The Believers

I finished reading The Believers by Zoë Heller. I liked it so much I was startled and sad to have reached the end. BUT! I did not think at first that I was going to like it. I was maybe 40 or 50 pages in and I was thinking, “Oh, I see: this is a book where we demonstrate our mastery of vocabulary words and complicated sentence structures, make superior and cynical remarks about our characters that reflect badly on human nature at large and the reader in particular, and generally show the world to be a crabby and unpleasant place where people suffer unnecessarily, fail each other constantly, put up with what they shouldn’t, judge each other mercilessly on every minor detail, and fail to notice their own hypocrisies and contradictions. Good, good. How many pages? 335? Huh. No, that’s good. I’ll just…read a People magazine for right NOW, and come back to this LATER.”

I persevered because Sundry liked another book by this author, and I like to like what Sundry likes. And yay for fawning devotion, because at some point I CLICKED IN to the book, and from then on I was completely absorbed, bringing the book with me to the kids’ swimming lessons even though I knew full well I wouldn’t get any reading done with Henry dropping his toy and asking questions and taking off his shoes and demanding his sandals and telling me to kiss his arm and so forth, and I was reading the book in the evenings when I COULD HAVE BEEN ON THE COMPUTER, and I was laughing OUT LOUD at certain parts (Audrey: “Are you HIGH?”) even though it drives me crazy when Paul does that because I know he’s trying to get me to say “WHAT?”
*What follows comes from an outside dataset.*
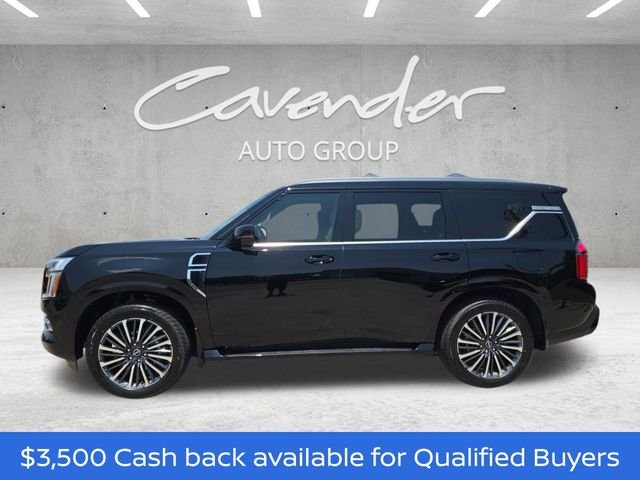 New 2026 Super Black Nissan Platinum Reserve image 13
I got to the last page this evening, and my heart fell. Somehow even with my left hand growing increasingly heavy and my right hand knowing it gripped little more than the bare cover, I hadn’t realized the end was so near. I went back and re-read the last two pages, because the first time I hadn’t read them Knowing They Were the Last Two Pages and I needed a do-over.
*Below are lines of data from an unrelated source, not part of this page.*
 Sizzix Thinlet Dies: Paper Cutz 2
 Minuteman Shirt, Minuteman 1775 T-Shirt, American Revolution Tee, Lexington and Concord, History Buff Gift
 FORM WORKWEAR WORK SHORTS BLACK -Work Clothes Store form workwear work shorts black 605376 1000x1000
18 thoughts on “The Believers

  1. marybt

    I hate when good books end. I finished John Jakes’s North and South Trilogy in June and I was like, “WHY?!?! Why couldn’t he have just written ONE MORE BOOK?!?!” LOL.

    Reply
  2. d e v a n

    Sounds like a good one! I hate it when I lol and my husband asks me why. You have to read the book is usually my answer, because anytime I try to explain he acts like I am an idiot. hee

    Reply
  3. LoriD

    That is truly the sign of a good book. I’ve been know to start the book all over again immediately when I get to the end of a good one.

    Reply
  4. Steph the WonderWorrier

    Your book reviews are so fun to read! I absoutely know this feeling, I get very invested when I’m reading and when I finish a good one that I just didn’t want to be done with, I just sit there for a bit with my head feeling heavy and groggy (from the intense reading I was doing up to the ending), and then I think about the characters and what’s happening next, and I usually do re-read bits and pieces of the book before I can put it away and start something new.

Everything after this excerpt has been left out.